Il sorriso di don Giovanni di Ermanno Rea, giornalista e scrittore originario di Napoli, è stato pubblicato per la prima volta da Feltrinelli nel 2014. Ne è passato di tempo, per cui questa non è una recensione ma un insieme di considerazioni personali, emotive anche, sulle ragioni che mi hanno riportato tra le pagine di questo romanzo di romanzi a distanza di un anno. Ho completato la seconda lettura del libro e confesso che mi è piaciuta più della prima. Non avevo la fregola di sapere cosa sarebbe successo alla protagonista e voce narrante e agli altri personaggi che con lei si muovono sulla scena: mi sono concentrata sulle frasi, sulle riflessioni, sulle numerose citazioni, tratte dai grandi classici della letteratura mondiale, presenti nel testo.
A tenere insieme le fila dei fatti è la voce di Adele, detta anche dagli amici, per la sua passione per la lettura, Adele sapienza. Sono passati anni dagli avvenimenti esposti: attraverso un lungo flashback, finiamo nell’area metropolitana di Napoli nel bel mezzo degli anni Settanta e oltre, quando Adele era una studentessa, frequentatrice assidua dell’unica libreria della sua città di provincia e innamorata di Fausto, comunista, iscritto al PCI, divoratore di saggi e romanzi. Adele vive con due donne forti che ne determinano l’indole e le inclinazioni, la madre e la nonna.
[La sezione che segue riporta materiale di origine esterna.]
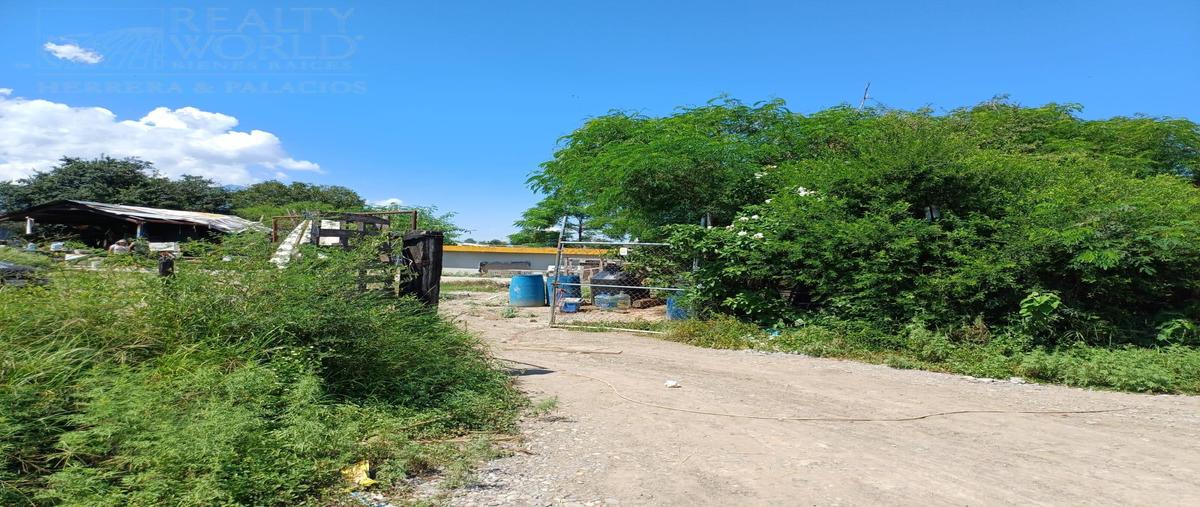 Foto de terreno habitacional en venta en  , zirandaro, juárez, nuevo león, 30340819 No. 04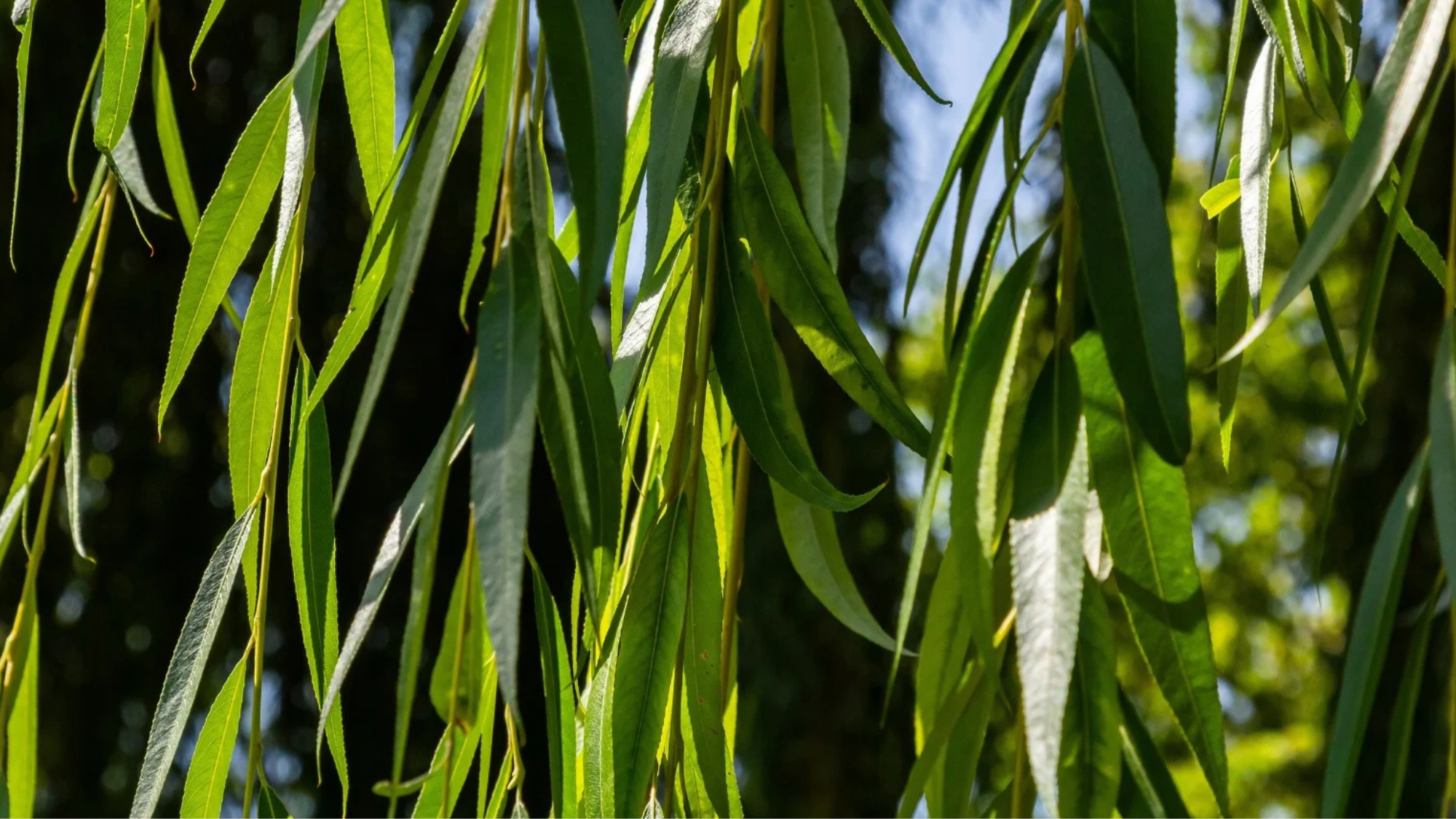 Weeping_Willow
La letteratura in questo romanzo è ovunque: la nostra protagonista fagocita classici alla velocità della luce e per lei non esiste una separazione netta tra la vita reale e quella di finzione. I personaggi, le storie ne ispirano e ne determinano le azioni, la crescita e questa osmosi non rallenta, permane fin quando Adele ricompare anziana, nel presente narrativo, lontana dal passato, dalle turbolenze e dagli impegni sociali e politici della giovinezza, dalle sue relazioni amorose. Ermanno Rea traccia un profilo di donna moderna, libera, inclassificabile, fuori dagli schemi, piena di luce e di ombre. In una nota di chiusura lo scrittore confessa che Adele è il personaggio che più gli somiglia, dice “Adele sono io, il grande Flaubert mi perdoni”. Così, lo scrittore che ha raccontato per lo più fatti, avvenimenti della storia politica, economica, sociale del Mezzogiorno e non solo, affida alla finzione narrativa il più autobiografico dei suoi libri, fino ad un’identificazione totale con la protagonista.
Con questo romanzo Rea riavvolge il nastro della giovinezza e celebra la dedizione alla narrativa, ai libri, scegliendo come passepartout lo sguardo di una lettrice accanita, di una donna che non smette di leggere, coltivando un superpotere. C’è un momento in cui Adele si adopera per contagiare con la passione della lettura il quartiere della Sanità a Napoli ed è costretta a chiedere il permesso ad un boss della zona per realizzare una serie di eventi culturali. Sono i giorni in cui la ragazza si ispira a Eleonora de Fonseca Pimentel, protagonista della vita politica della Repubblica Napoletana che finisce vittima del suo desiderio di liberare il popolo napoletano dalla dominazione straniera. La natura della città che la martire della Repubblica Napoletana vorrebbe cambiare è la stessa che ritrova Adele: perennemente in attesa, pronta a svendersi, a offrirsi per due lire, capace di tradire quanti si prodigano per la sua evoluzione. Adele vive tra la provincia e il centro, il rapporto con i luoghi è cruciale nel libro: essi delineano la geografia di un’esistenza, di una passione, di una traiettoria emozionale. Con i luoghi Adele è in dialogo, come con i personaggi dei romanzi che ama e che le hanno condizionato le idee, i pensieri, le opinioni. La suggestione letteraria è una stregoneria, una malia e Ermanno Rea ne è stato vittima, fin da ragazzo. Chi conosce la sua biografia sa che ne Il sorriso di don Giovanni c’è tutto lui, dalla dedizione ai libri all’impegno politico. Un romanzo magistrale, che ho amato profondamente perché mi ha parlato.
“I buoni libri, diceva mia nonna Serafina, la madre di mia madre, i buoni libri moltiplicano la tua vita; ti fanno vivere come tuoi dolori ed emozioni che altrimenti non avresti mai conosciuto, forse neppure immaginato. E non è vero che, passato il santo, passata la festa: i buoni libri restano dentro di te, non li cancella neppure il tempo lungo, si depositano non so in quale anfratto della tua mente o del tuo cuore, e da laggiù continuano silenziosamente a tessere le loro trame. A condizionarti. A costituirsi parte di te”.